Summaries of all these variables have been presented in blog posts (see references). Q1, Q9 and Q10 were used in multivariate analyses (see references) but Q9 and Q10 did not feature in the interpretation and Q1 has inconsistencies with Q8. For the latter we give priority to Q8, the employment status of respondents at the time they completed the survey.
Of the remaining variables, we consider Q2, Q3, Q7, Q8, Q11, and Q13_F to be implicit identifiers (key variables).
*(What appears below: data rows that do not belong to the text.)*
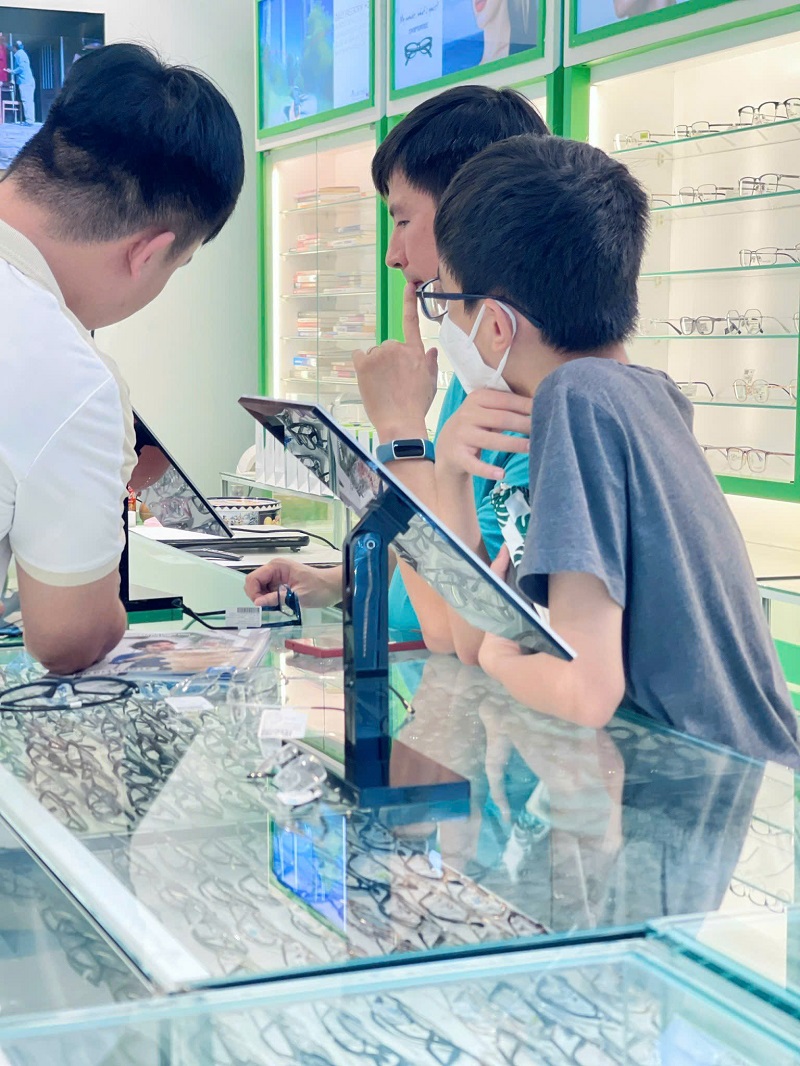 Cận thị bẩm sinh là do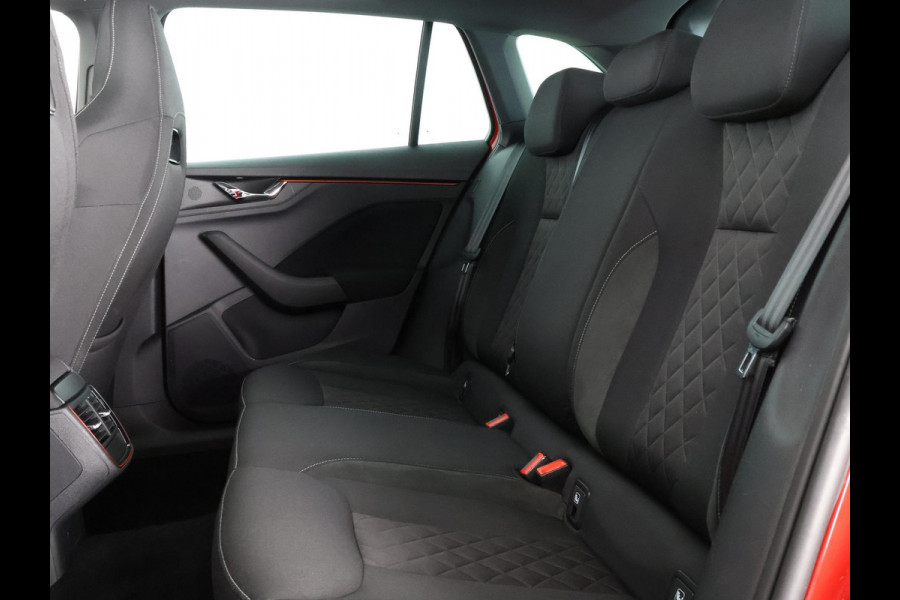 Škoda SCALA 1.0 TSI Sport Business Automaat | Panoramadak | Navigatie | Apple Carplay & AndroidAUTO | Camera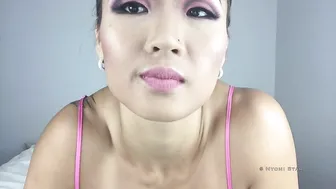 nyomistar 26 09 2017 986218 Masturbating with anal beads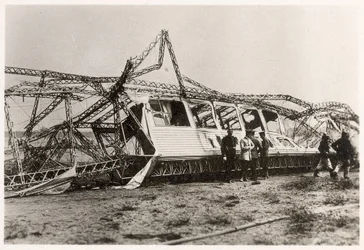 As ruínas do Zeppelin LZ10 "Schwaben" após sua destruição em 28 de junho de 1912 (foto a p/b)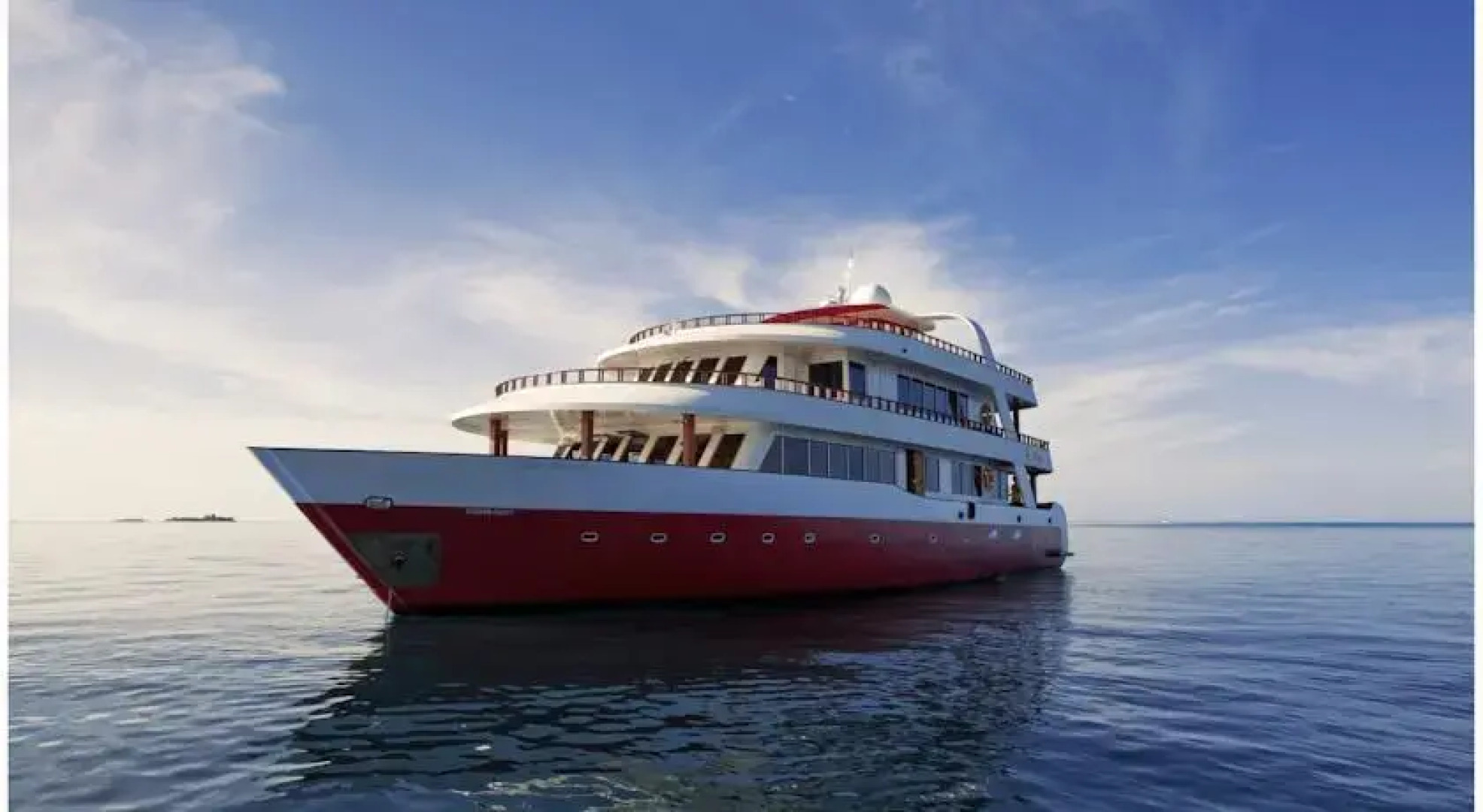 Theia Liveaboard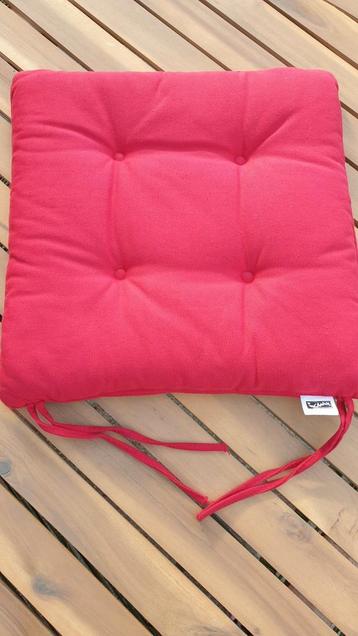 4 TUINSTOELZITTING KUSSENS ROOD 37x37 cm beschikbaar voor biedingen
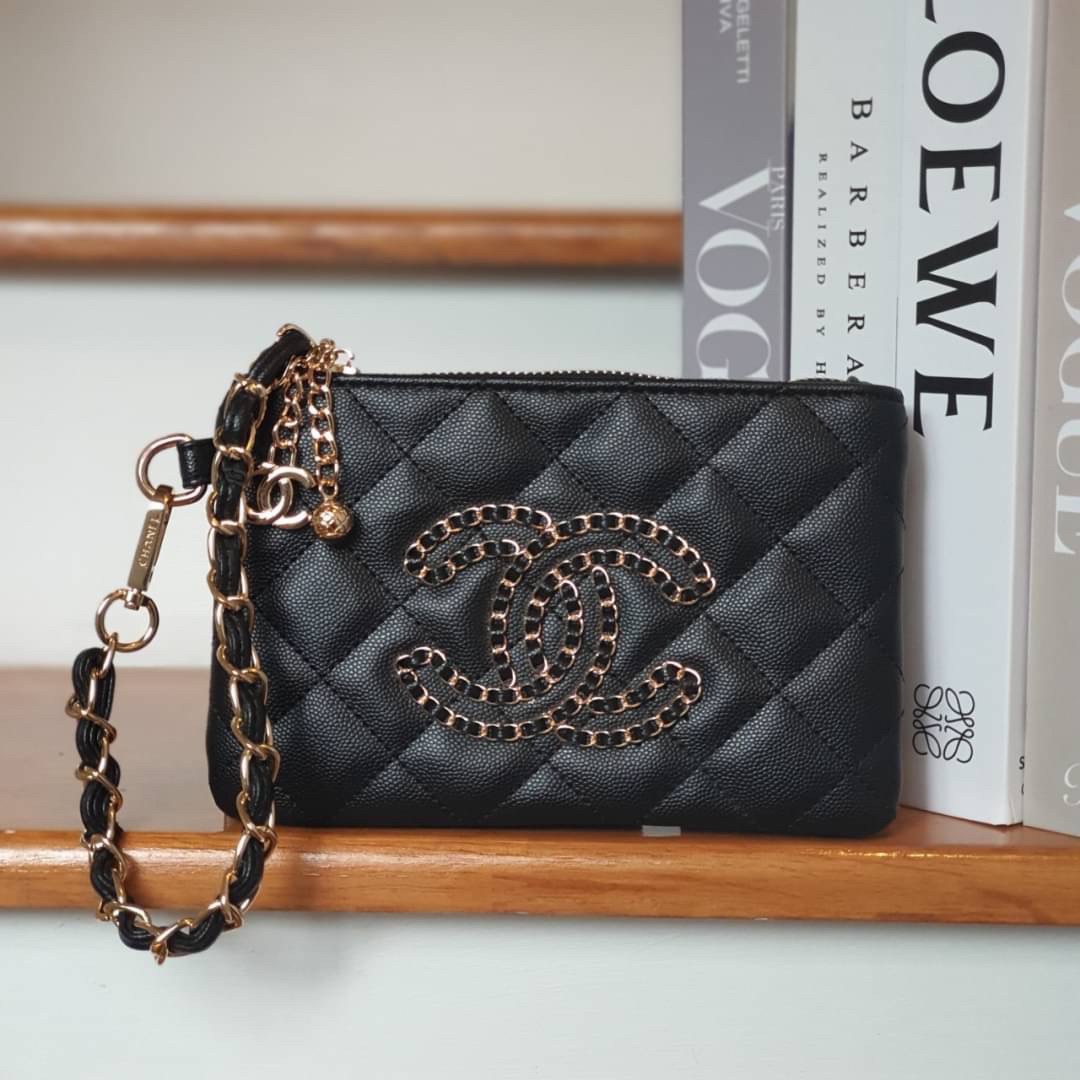 SIZE MINI : Chanel Clutch Bag Gift With Purchase (GWP) กระเป๋าคลัชพร้อมสายคล้องมือพรีเมี่ยมกิ้ฟรุ่นใหม่ล่าสุดจาก Chanel Make up Counter Dutyfree วัสดุหนังคาเวียร์สวยหรูอยู่ทรงประดับโลโก้แบรนด์ด้านหน้า เปิดปิดด้วยซิปสะดวกใช้ห้อยอะไหล่โลโก้แบรนด์สีทองเพิ่มด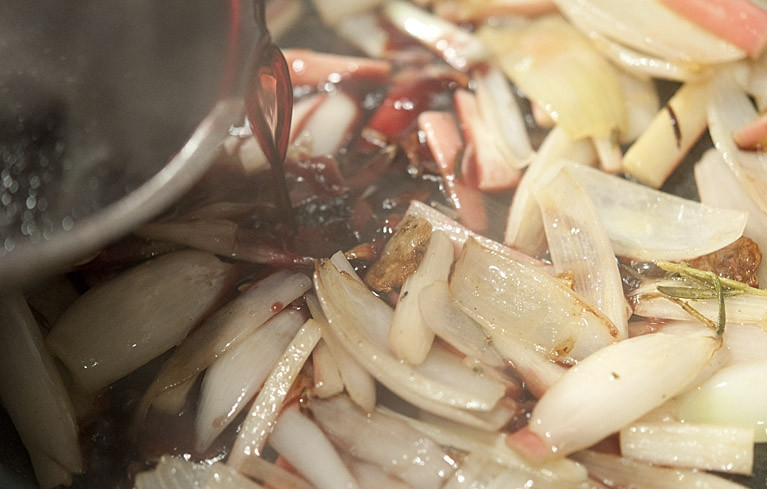 1. Этап. Каре из баранины: Еще через пару минут вливаем соус и увариваем до нужной консистенции соуса на медленном огне.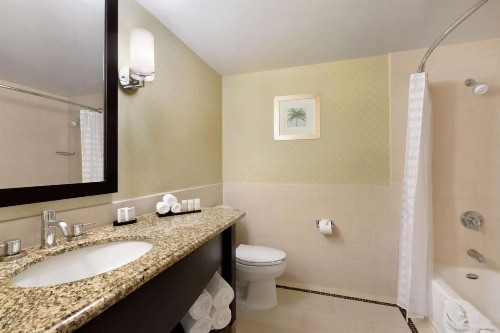Embassy Suites Los Angeles Glendale - image 28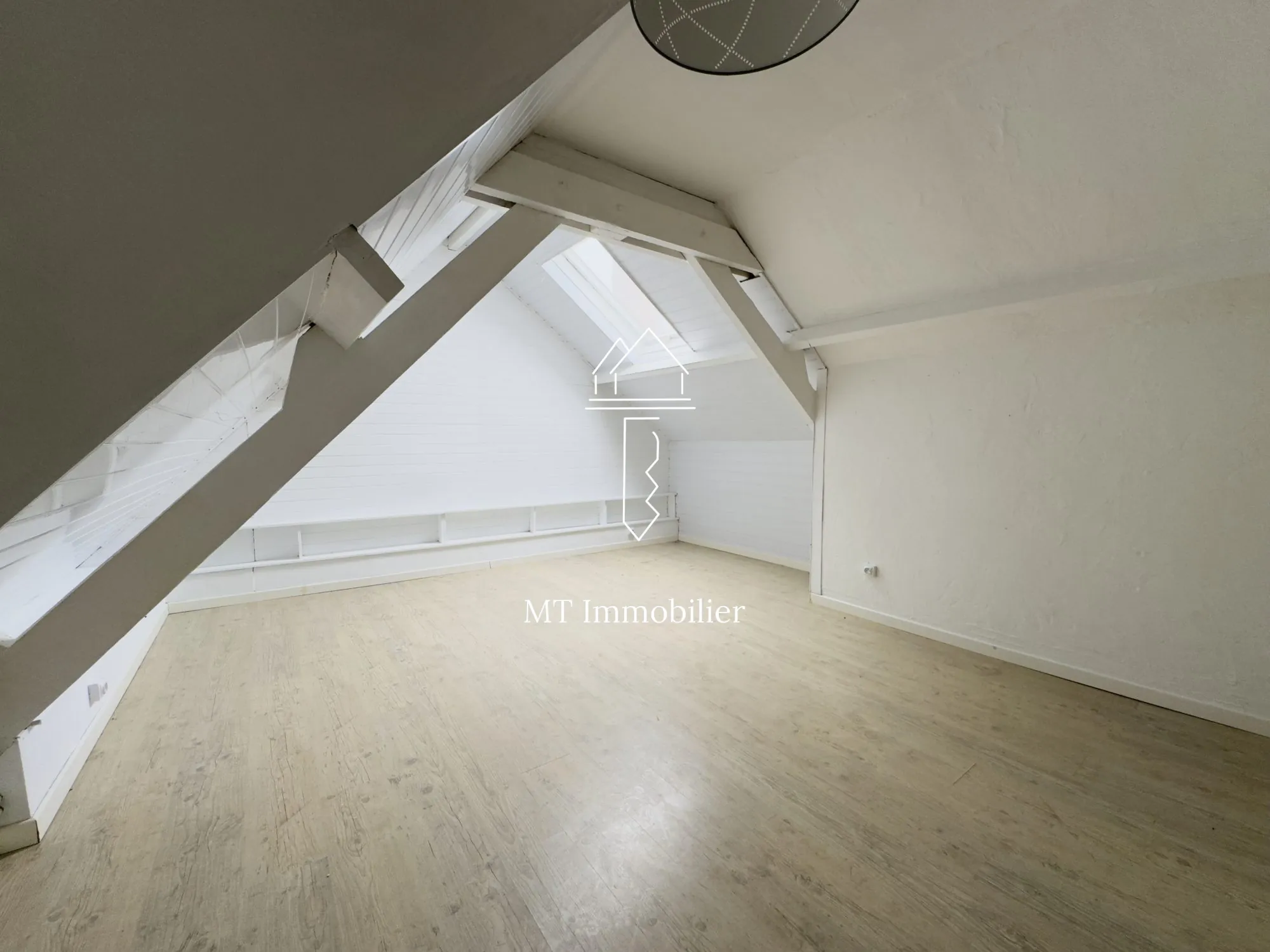 Maison de 117 m² à Longvilliers proche Montreuil sur Mer avec garage et terrain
These variables were modified to achieve 3-anonymity, i.e. the smallest subgroup identifiable from combinations of these variables is at least of size 3. In particular, the following modifications were made
- Q2
Non-binary grouped with missing; all other key variables for this group suppressed (set to NA).
- Q3
Year of birth converted to approximate age groups: "> 35" and "35 and under"; age group suppressed for 14 individuals.
- Q7
Highest education level aggregated to two groups: "Doctorate/Professional" and "Masters and under"; highest education level suppressed for 3 individuals.
- Q8
Employment status aggregated to three groups: "Non-academic" (includes employment in industry, government, non-profit, self-employed) and "Academic" (includes retired, unemployed, student).
- Q11
Length of R usage aggregated to four groups: combined groups corresponding to shortest times into "< 2 years" group.
- Q13_F
Suppressed for two individuals.
In addition specific values containing personal/personally identifiable information were suppressed in Q19_H, Q22_B and Q23_B.
Author(s)
Heather Turner and Oliver Keyes
References
Bollmann, S., Cook, D., Debelak, R., Dumas, J., Fox, J., Josse, J., Keyes, O., Strobl, C. and Turner, H. (2017) Mapping useRs https://forwards.github.io/blog/2017/01/13/mapping-users/.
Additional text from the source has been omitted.